El discurso oficial -o sea, el del neoliberalismo en sus diversos matices, grados y variedad de siglas políticas- hace depender la creación de empleo de una serie de premisas y condiciones sine qua non: un clima de confianza para las inversiones, el mantenimiento de un crecimiento económico sostenido, una fiscalidad que incentive a los emprendedores (eufemismo actual de empresario) y una serie de decisiones políticas que eleven todo ello a la categoría de ejes intangibles, incuestionables, axiomáticos, y propios de una verdad casi revelada.
El problema radica en que el modelo se inserta en el marco de una crisis, del exceso de capacidad productiva, de la intensificación de la concurrencia nacional e internacional a los mercados, de la desregulación de los circuitos económicos, de la disminución de la demanda y el consumo de masas, de los grupos de intereses corporativos, del cierre de los grifos de la financiación junto con los obstáculos que de hecho hacen al llamado libre comercio holdings, cárteles, zonas económicas y Estados nacionales.
La realidad que estamos viviendo nos ilustra con creces acerca de la inexistente veracidad de los dogmas del mercado, la competitividad y el crecimiento sostenido, a la luz de su incompatibilidad con uno de los fines a los que aseguran están dirigidos: la creación de riqueza y su consiguiente creación de empleo .

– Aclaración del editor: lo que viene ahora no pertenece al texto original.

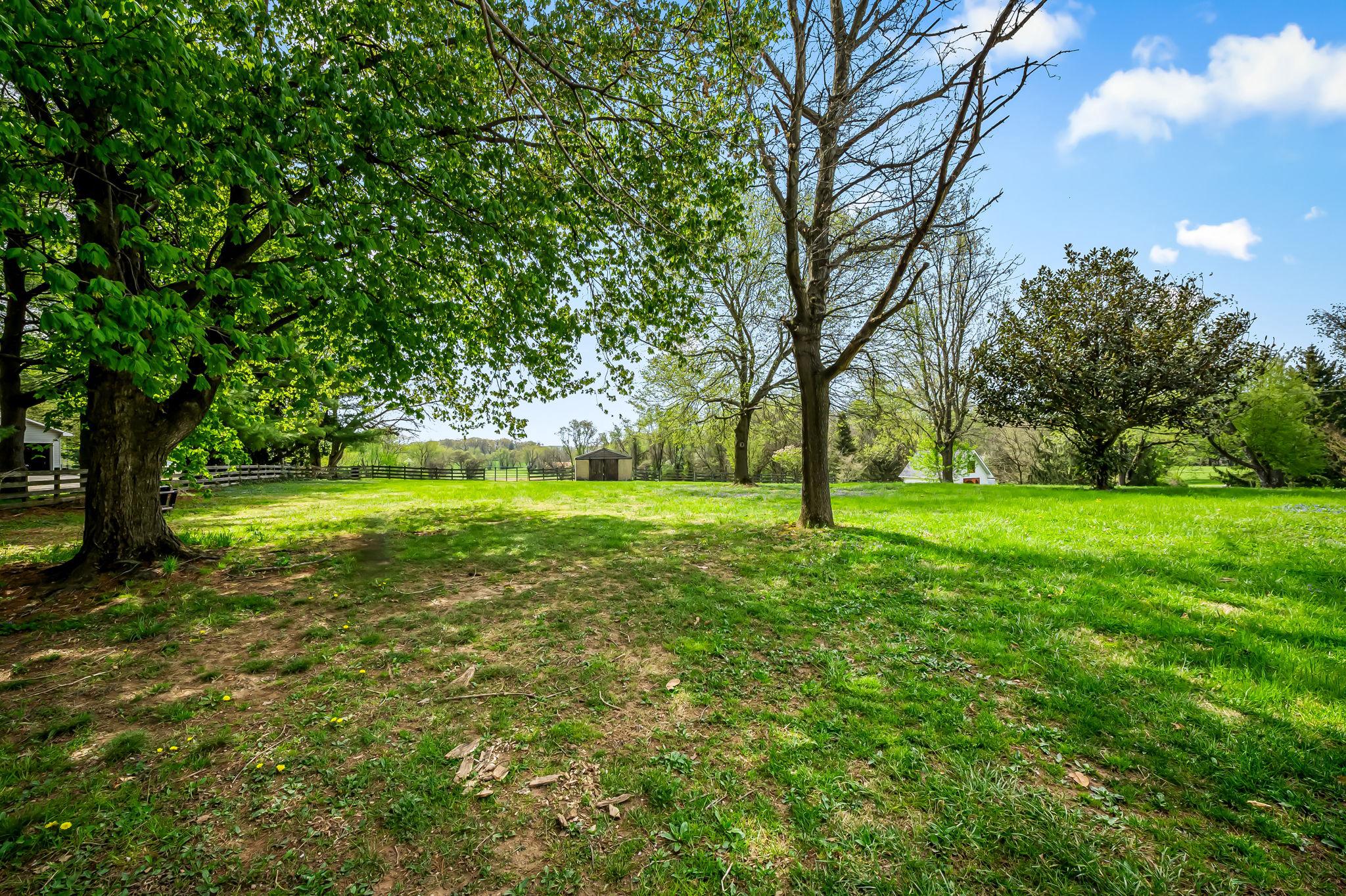 2619 Bradenbaugh Road White Hall, MD 21161 - Photo 40 of 50 a view of yard with trees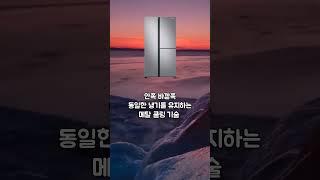 냉장고 추천 (2023) l 판매 순위 l LG 디오스, 삼성전자, 캐리어 클라윈드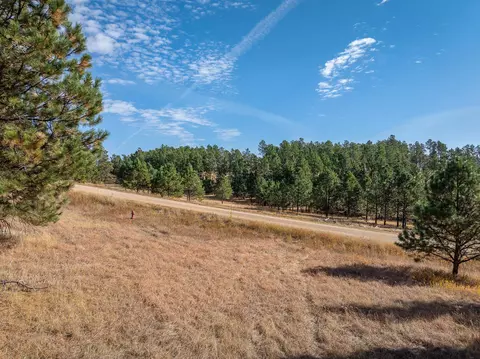 tbd Other, Keystone, SD 57745 photo 12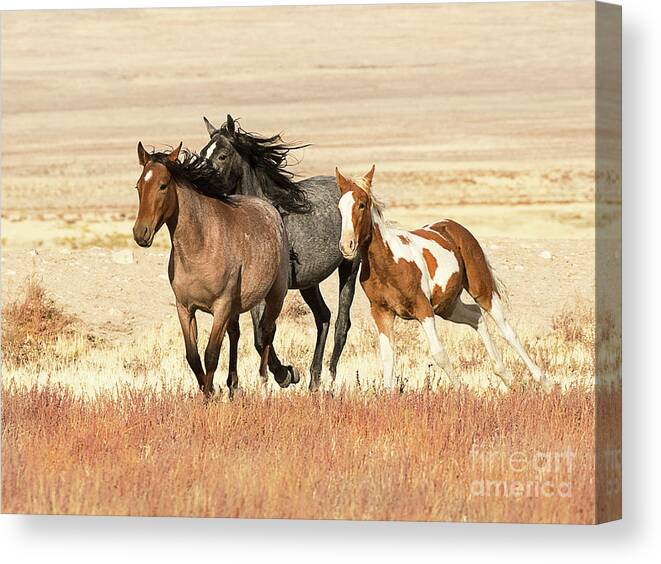 Mammal Canvas Print featuring the photograph Utah West Desert Horses by Dennis Hammer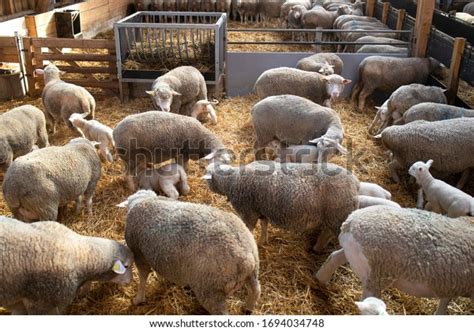 Sheep Stable Group Sheep Domestic Animals Stock Photo Edit Now 1694034748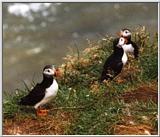 Atlantic puffin-05-by Waco.jpg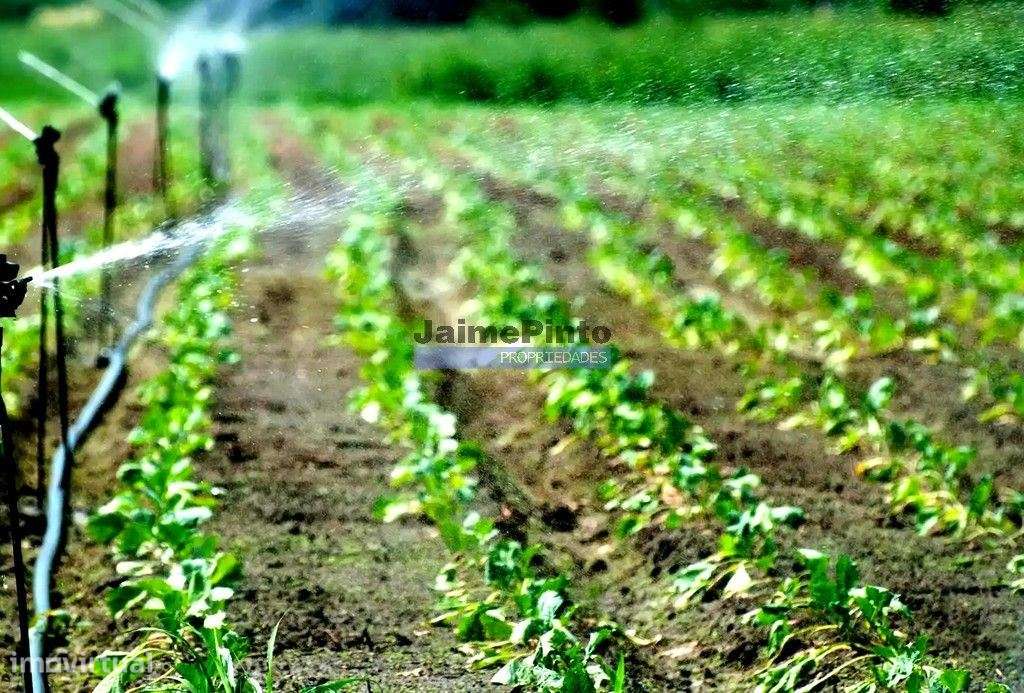 Terreno agrícola 120.000m2 para plantações hortícolas e frutícolas.... - Grande imagem: 2/2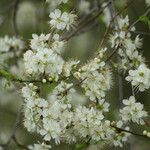 Prunus cocomilia Květ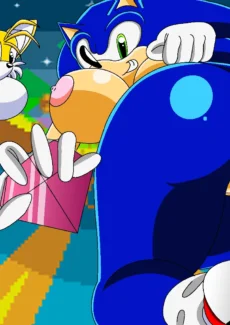 Sonic and Tails Series020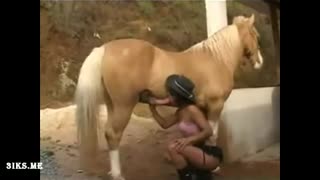 On the farm, a Russian fucks a Tajik woman, and she sucks a horse's cock | Sex with animals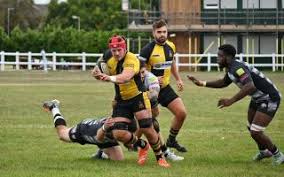 Image result for Witham Rugby Club Ltd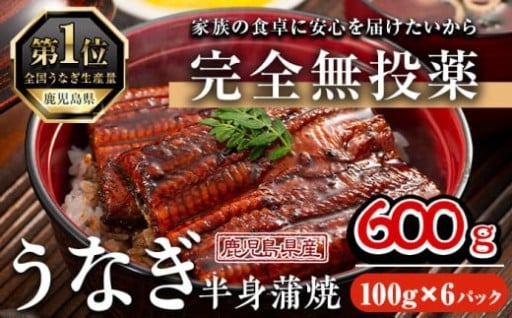 鹿児島県産うなぎ半身カットセット (100g×6パック、タレ・山椒付き)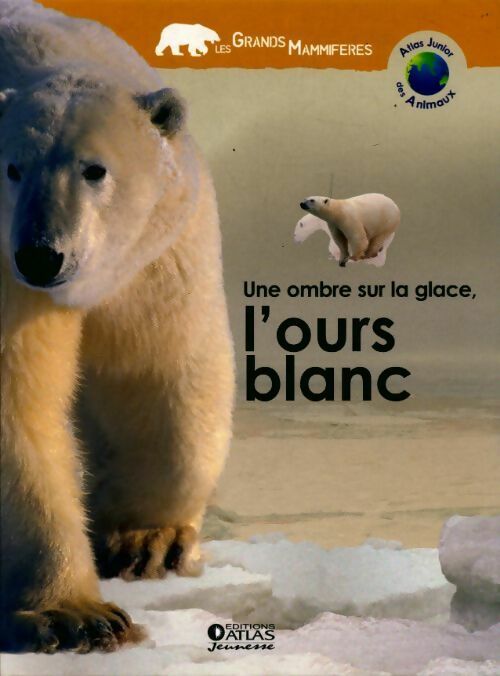 Livrenpoche : Une ombre sur la glace l'ours blanc - Collectif - Livre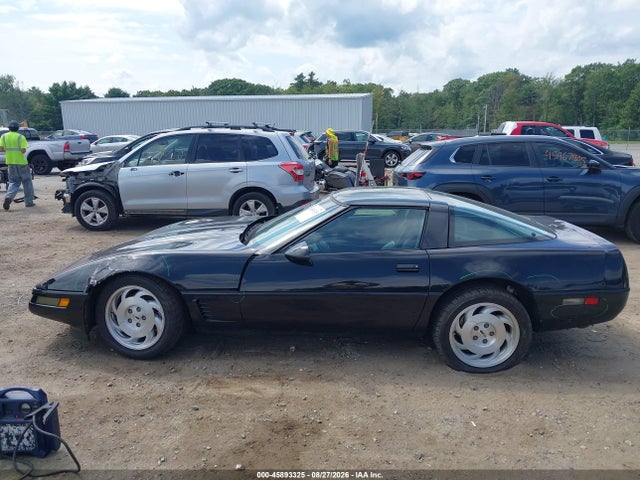 45893325 :رقم المزاد ، 1G1YY22P6T5107703 vin ، 1996 Chevrolet Corvette مزاد بيع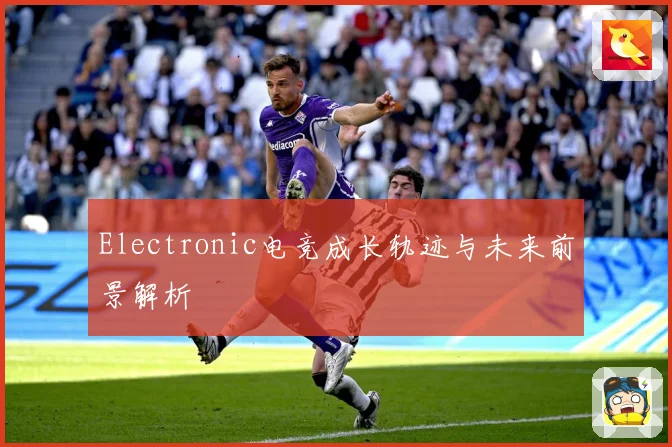 Electronic电竞成长轨迹与未来前景解析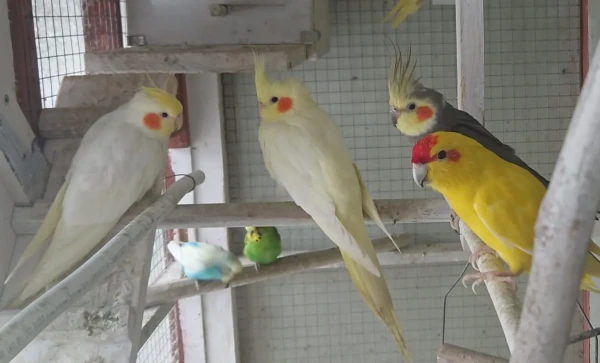 nasze-male-zoo-galeria-3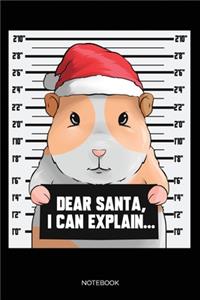 Dear Santa I Can Explain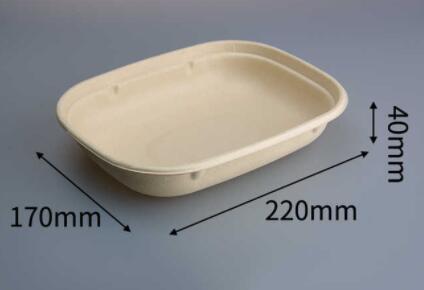 bagasse biodegradable containers 850ml takeaway box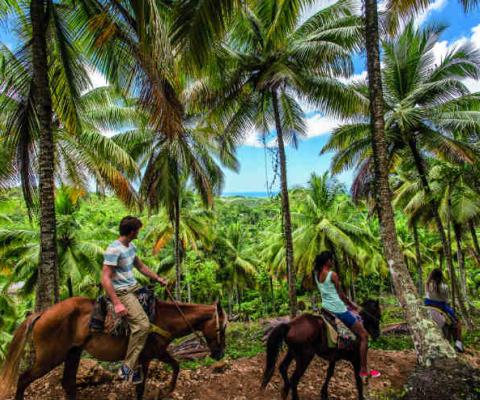 Salto El Limón Dom Rep .jpg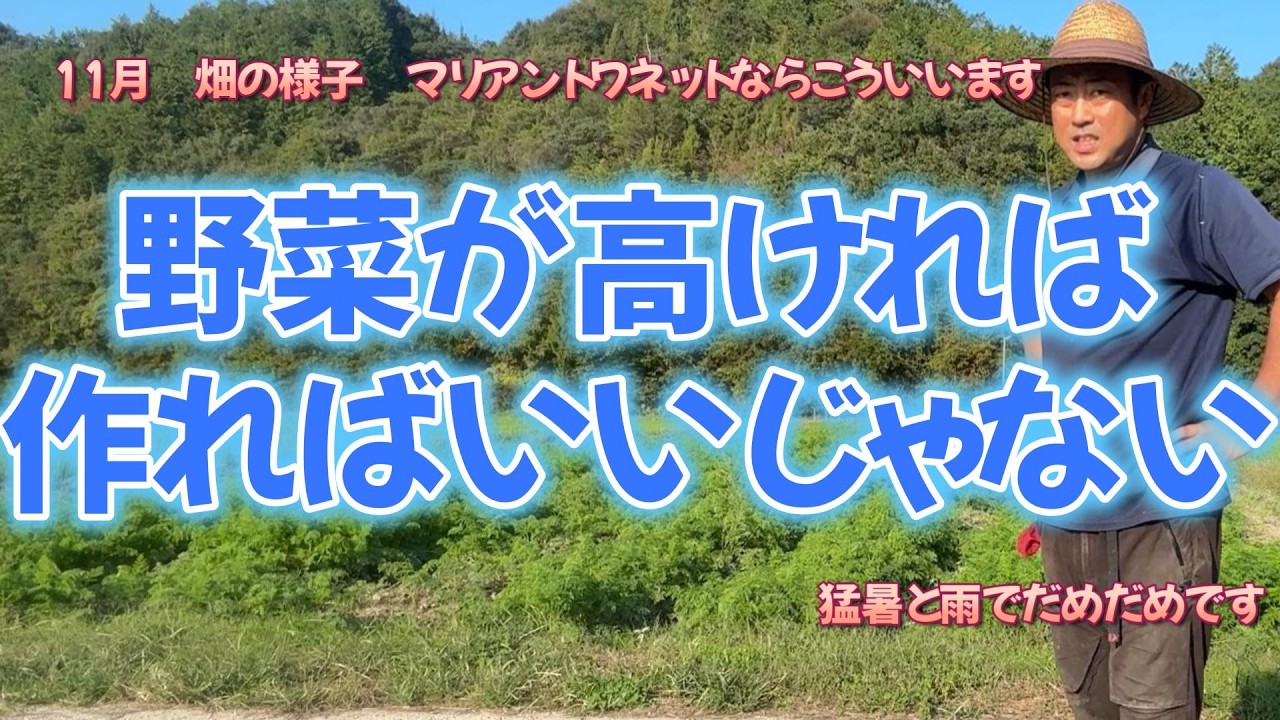 11月の畑の様子　野菜が高いのはそれ相当のベテラン　組織で収量が気候等により減ってしまうからです。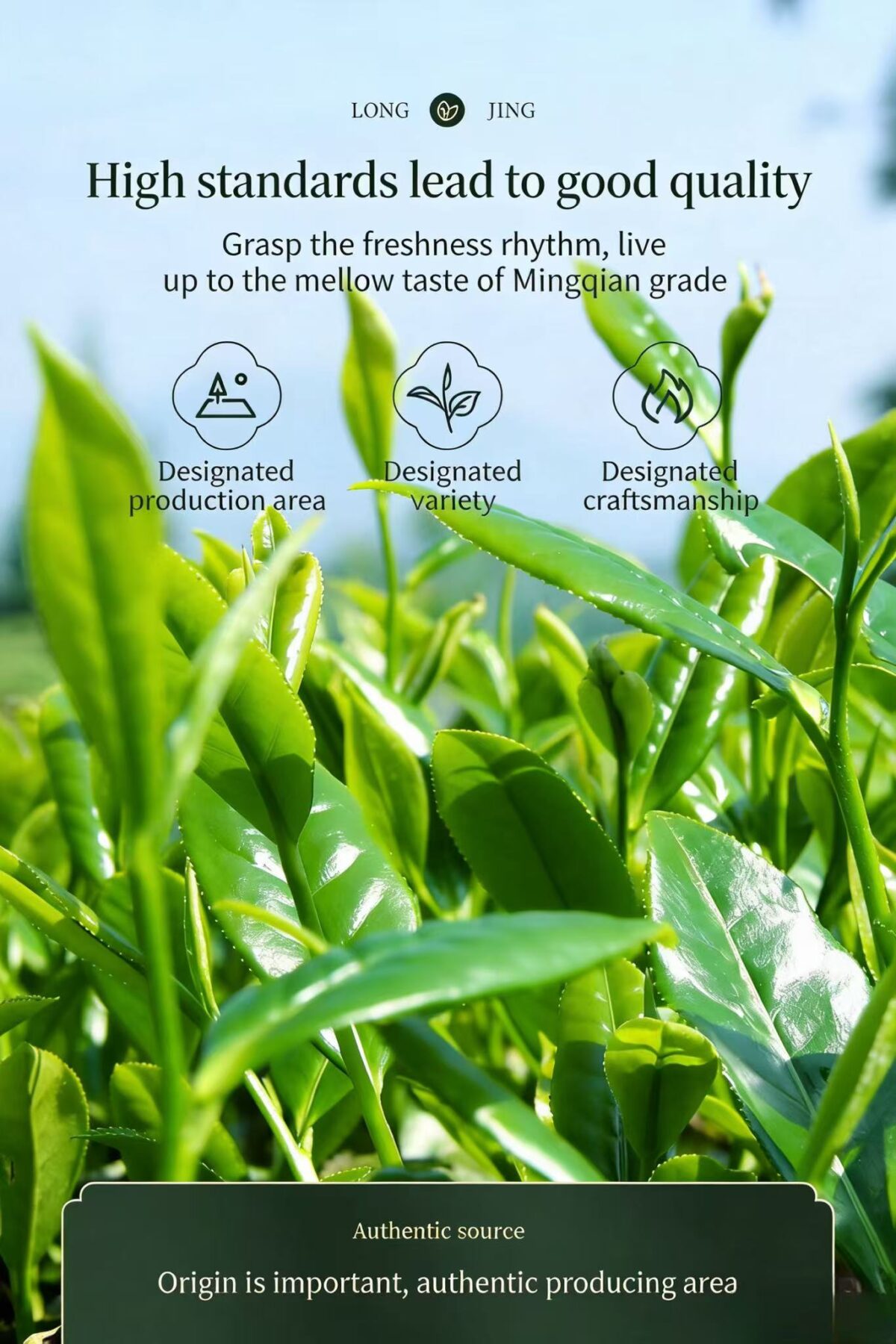 Ancient Tree Phoenix Dan Cong Tea (Mi Lan Xiang) - 500-Year-Old Trees 250g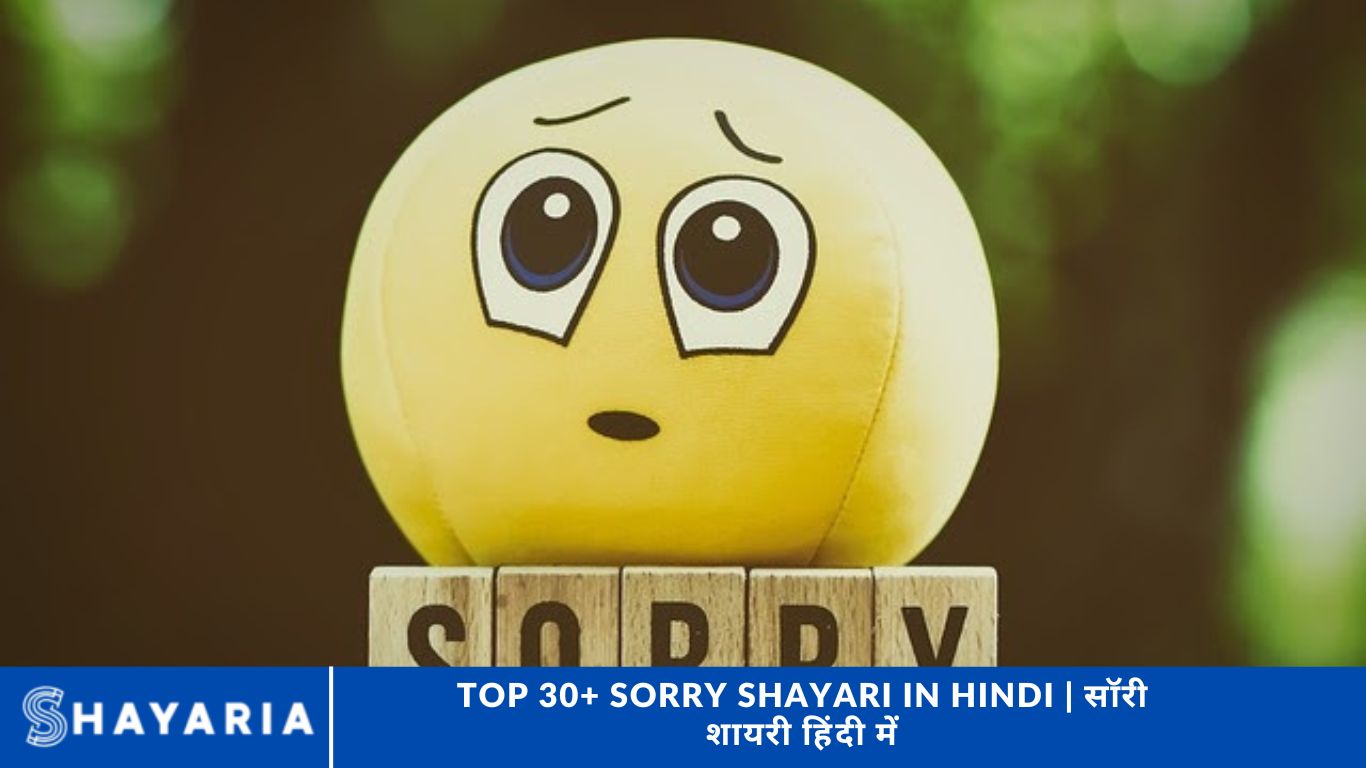 Top 30+ Sorry Shayari in Hindi | सॉरी शायरी हिंदी में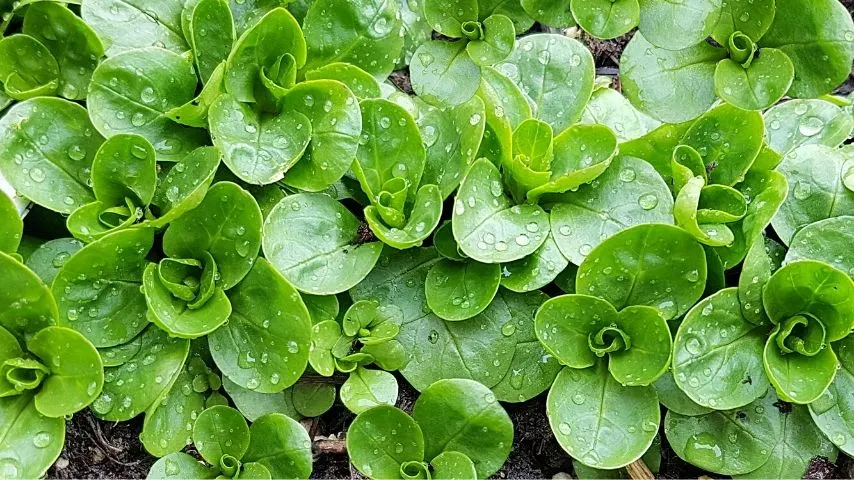 Corn Salad (Valerianella locusta) thrives best when planted in a vegetable garden that receives partial sunlight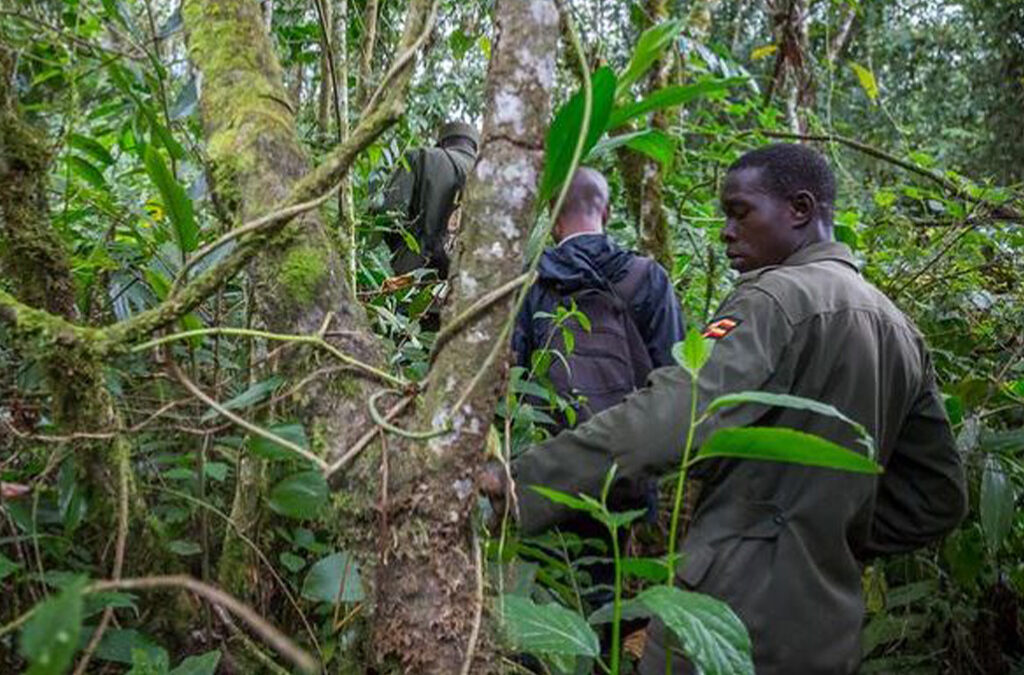 Nature Walks in Mubwindi Swamp, Bwindi Impenetrable National Park
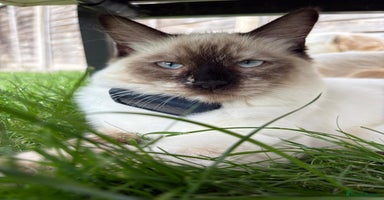 Ragdoll cats - Advert 6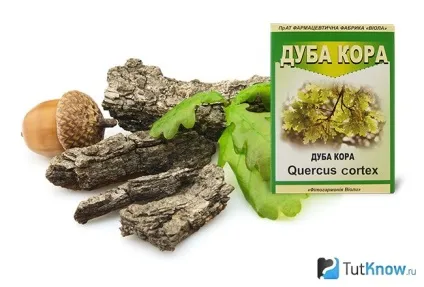 Кора дуба для волосся, користь, способи застосування і рецепти (волосся) Кора дуба для волосся, користь, способи застосування і рецепти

Por otra parte, los Derechos Humanos y los ordenamientos constitucionales surgidos en la primera mitad del siglo XX y hasta hoy han recogido la concepción del trabajo como derecho individual e inalienable, tal y como lo planteara Víctor Considerant (1808- 1893). En consecuencia, el derecho al trabajo si no es una simple cuestión declarativa implica un sujeto al que exigir ese derecho y un deber inherente a ejercerlo, o a facilitar y no impedir que otros puedan hacerlo.
¿Quién es ante el Derecho el sujeto al que se debe exigir que el derecho al trabajo, mediante la creación de empleo pertinente: la empresa privada o los poderes públicos?